Spring Kafka - Apache Avro Serializer Deserializer Example
Table of Contents
Apache Avro is a data serialization system. It uses JSON for defining data types/protocols and serializes data in a compact binary format. In the following tutorial, we will configure, build and run an example in which we will send/receive an Avro message to/from Apache Kafka using Apache Avro, Spring Kafka, Spring Boot and Maven.
General Project Setup #
Tools used:
- Apache Avro 1.8
- Spring Kafka 1.2
- Spring Boot 1.5
- Maven 3.5
Avro relies on schemas composed of primitive types which are defined using JSON. For this example, we will use the User
schema from the Apache Avro getting started guide as shown below. This schema is stored in the user.avsc
file located under src/main/resources/avro
.
{"namespace": "example.avro",
"type": "record",
"name": "User",
"fields": [
{"name": "name", "type": "string"},
{"name": "favorite_number", "type": ["int", "null"]},
{"name": "favorite_color", "type": ["string", "null"]}
]
}
Avro ships with code generation which allows us to automatically create Java classes based on the above defined User
schema. Once we have generated the relevant classes, there is no need to use the schema directly in our program. The classes can be generated using the avro-tools.jar
or via the Avro Maven plugin, we will use the latter in this example.

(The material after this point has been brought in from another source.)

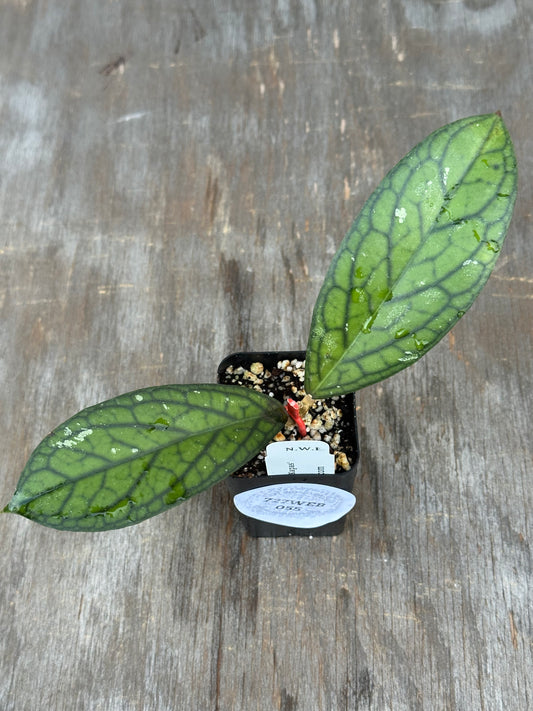 A small potted plant with two glossy green leaves featuring prominent dark veins, sitting on a weathered gray wooden surface. The plant is in a small black plastic pot with a white label.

We start from a previous Spring Boot Kafka example and add the avro
dependency to the Maven POM file. In addition we configure the avro-maven-plugin
to run the schema
goal on all schema’s that are found in the /src/main/resources/avro/
location as shown below.
<?xml version="1.0" encoding="UTF-8"?>
<project xmlns="http://maven.apache.org/POM/4.0.0" xmlns:xsi="http://www.w3.org/2001/XMLSchema-instance"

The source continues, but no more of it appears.